Domain name transfer

According to the proposed regulations, once registered, domain names will be permitted to be sold or otherwise transferred to another party. The assignee need only file a request for registration with a written statement, signed by the assignor of the particular domain name, within which the assignor gives his or her authorization for the assignment of the domain name. The assignor’s domain name registration will then be deleted and the new registration will be recorded into the RNIDS register and the Whois database in the name of the assignee.

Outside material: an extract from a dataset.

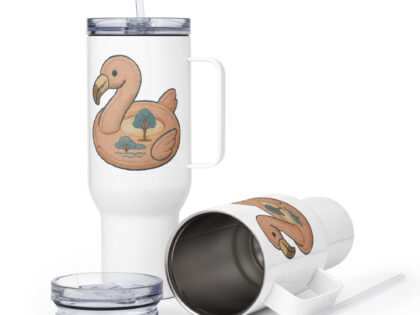 Flamingo Oase Thermobecher – Accessoires – klamottn.de Flamingo Oase Thermobecher – Accessoires – klamottn.de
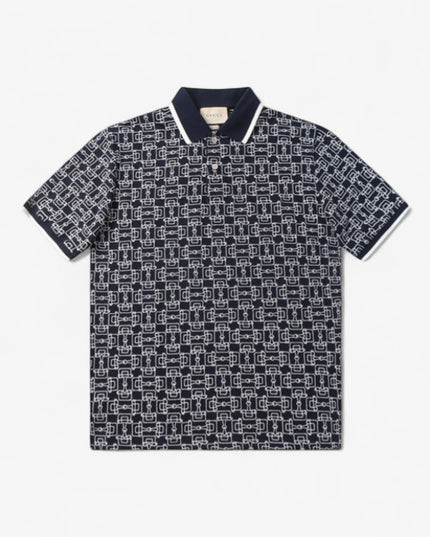 Gucci Gg Cotton Piqué Jacquard Polo Shirt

New dispute settlement policy

The proposed regulations envision the adoption of a Dispute Resolution Policy. The new RNIDS Dispute Resolution Policy will be based on provisions of ICANN’s Uniform Domain Name Dispute Resolution Policy (UDRP), in particular, the mandatory administrative proceedings (paragraph 4 of the ICANN Policy). However, RNIDS itself would not be competent to settle any dispute in connection with registered domain names. It will be recommended that parties address disputes regarding .rs ccTLDs to the Center for Arbitration, which is a department within the Serbian Chamber of Commerce (in accordance with the Law on Chambers of Commerce Official Gazette RS, 65/01), or before the Center for Mediation in Serbia (in accordance with the Law on Mediation, Official Gazette RS 18/2005).

In line with international standards

A new governing body, RNIDS, is expected to be operational soon and new regulations governing the registration of domain names are likely to come into force early in 2007. It is hoped that these changes, based on the best practices of surrounding countries and the EU, will bring Serbia into line with modern international standards in the internet area. This is another essential step towards making Serbia a competitive and attractive market for investment.

The authors, Vesna Gakovic, an associate and Kathryn Szymczyk, a director of legal strategies and client services, are based at SD PETOSEVIC Balkan Regional Office in Belgrade, Serbia.